During cross-examination of Officer Wiley, it was learned that the officers had never used Brown as an informant before, and that Brown was not present at the shooting but had received his information from someone else. Wiley also stated that they did not attempt to obtain an arrest warrant and had no particular reason to believe that defendant would not be present when they arrived at his apartment.

Following the arguments of counsel, the court concluded that exigent circumstances existed which permitted the warrantless entry and again denied defendant’s motion. The court then reinstated the judgment of conviction. At a subsequent sentencing hearing, defendant made a statement in his own behalf after which he was resentenced to not less than 14 nor more than 20 years’ imprisonment. Defendant now appeals from this judgment, contending that the trial court erred in again denying his motion to quash his arrest and suppress his confession.

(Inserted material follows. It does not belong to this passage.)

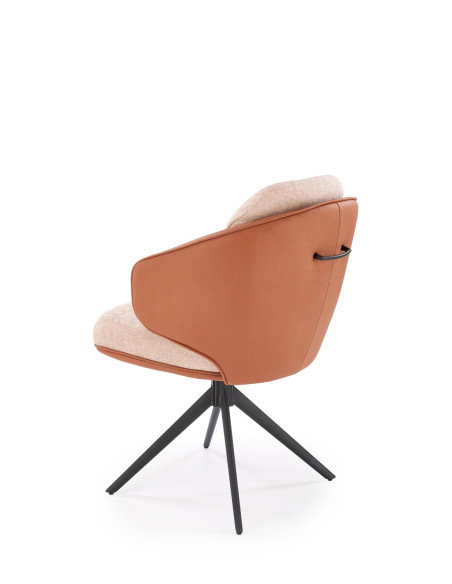 K554 Krzesło Obracane 180° Kubełkowe Brązowo/Beżowe | Tkanina/Eco Skóra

Defendant contends that his fourth amendment rights were violated by the trial court’s failure to quash his arrest and suppress his confession. It should be noted initially that defendant has conceded the existence of probable cause, and it is undisputed that the arrest was made without a warrant. He argues that in light of Payton v. New York (1980), 445 U.S. 573, 63 L. Ed. 2d 639, 100 S. Ct. 1371, his warrantless arrest and all evidence which flows from it are invalid. Defendant’s argument appears to be based on the premise that an arrest warrant is necessary under all circumstances and that evidence obtained following an arrest without a warrant must automatically be suppressed. This proposition must of course be rejected.

Contrary to the spirit of defendant’s argument, an arrest and its consequences are not invalid simply because it was carried out without a warrant. There are circumstances which obviate obtaining a warrant prior to making an arrest. Since probable cause is conceded, the question becomes whether those circumstances necessary to validate a warrantless arrest are present in this case.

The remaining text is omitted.